Лидия Корнеевна — одна из немногих, кто удерживал слабых от компромисса с произволом. Не позволяя никому забыть вещую толстовскую истину: нравственность человека видна в его отношении к слову. Подлецы от этого, конечно, не переставали быть самими собой. Они таились. Не решались порой и голову поднять. Честные ощущали себя крепче, такое время пришло — десятилетие Солженицына. Оно наполняло прозу писателей особой силой. Повысило меру честности.
Писатели убедились воочию; государство иначе относится к тем, кто его не боится. Власть паразитирует на страхе. Живет людской трусостью.
«Они боятся только этого!» — воскликнул как-то Солженицын и показал свой увесистый кулак.
Сильнее зазвучал и голос Лидии Корнеевны. Честные ощущули себя крепче.
7. Мир современной русской фантастики и — трагический натурализм
Взлет и крушение фантастики — одна из самых неожиданных гримас Эзопа в подцензурной литературе.

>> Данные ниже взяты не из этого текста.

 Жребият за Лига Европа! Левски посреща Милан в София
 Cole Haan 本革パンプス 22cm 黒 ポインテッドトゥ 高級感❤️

…Реалистическую прозу отбросили от печатного станка. И вся она, от Солженицына до Бека, от Лидии Чуковской до новых имен, оказалась на Западе.
И тогда она обернулась фантастикой.
Литературу сопротивления в новом обличье распознали не сразу: к фантастике привыкли относиться как к «чтиву». Она годами выдавала тунгусский метеорит за корабль иных планет, уводила на Венеру. И — прекрасно.
В 1964 году «Литературная газета» написала, что фантастика в СССР — Золушка. Власть была не прочь открыть фантастике зеленую улицу. Отвлечь читателя от солженицынских тем.
Карателей подвело невежество. Фантасты не скрывали своих намерений.